The experience has certainly changed her perspective.

“You look at things and see what their really value is, or how important they really are. It makes you appreciate. After I was done with the chemo, I was just so happy to go run to the grocery store, or running errands, dropping the kids off. You appreciate the things that you never thought…” she trails off, her voice almost breaking. “It’s humbling.”

While Victoria does admit to being more emotional now, she also says she has stayed true to keeping a positive outlook.

“All the support that I had, my friends… You can either go down that path of negative, or you can look at the more positive thing of things. That’s how I choose to live my life.”

Taking the Fashion Show Path

Deciding to walk in this year’s Woman’s Club Fashion Show was part of that positive outlook on life. This time, Victoria is proudly walking after conquering a very trying year.

“It’s a little scary, it’s out of my comfort zone. But you have to hold your head high. Sometimes life throws things at you and you don’t get a choice, and you just have to pick yourself up and carry on. That happens to all of us at different stages in our life, and we don’t know where that strength comes from. But you muster it up.”

She relates it to the cause that the fashion show luncheon benefits–the Wilton Youth Council‘s initiative to educate the community about substance abuse.

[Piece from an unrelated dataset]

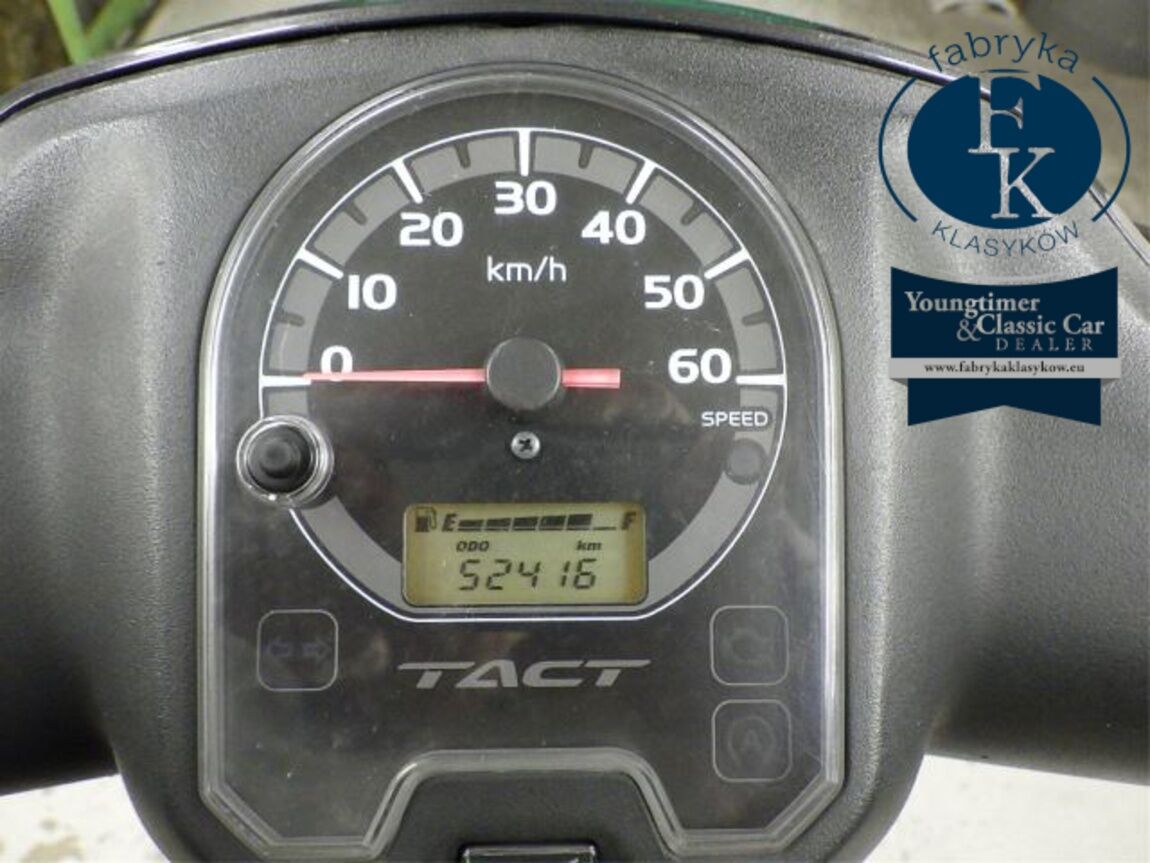 HONDA TACT-4  - zdjęcie 13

“I’m happy they’re doing this cause. That’s a huge struggle. People who can get through that sort of thing, that’s a lot of strength. All of us know people who have been affected by addictions, and it’s hard to watch. You try to support them. In certain ways it’s not so different from what I’ve been through. I felt like I had such support from my friends, that’s what people going through addictions need as well, people who will stand by them and help them get through what they’re going through.”

Getting out of her comfort zone, Victoria says, was a good challenge, so she talked with Dianne DeWitt, the Woman’s Club member produces the fashion show each year. “I said, ‘If you’ll have me, I may or may not have hair.’ She laughed and said, ‘Of course!’ I’m excited and I think it will be fun–and a little scary,” she laughs.

She will bring a different sort of confidence with her when she takes those steps down the runway.

“I look back, and it’s been a rough six or seven months. I have been through a lot. But I feel great, I feel so good these days.”

One thing Victoria wants people to know about what she’s been through is how they can help other people going through breast cancer.

“Unfortunately, I know of 2-3 people in town who have been diagnosed since I was, it just seems to be way too prevalent. When people say, ‘Let me know how I can help,’ sometimes you just have to do things–don’t wait to be asked. It’s hard to ask for help. Just by doing things to help those people who are going through hardship. In an unobtrusive way–people would leave baked goods. I’d go outside and find a little bag of scones. Just those little gestures really mean a lot.”

Certainly the gesture of her walk, showing what she’s overcome and how she’s faced it with grace and strength will inspire the people in the audience.

“I’m pretty open about it. I haven’t done the wig, so it’s fairly obvious. People reached out to me, and having someone to relate to what you’re going through. If I can help someone else as much as I feel people helped me, I’d love to do that. I know how much it helped me.”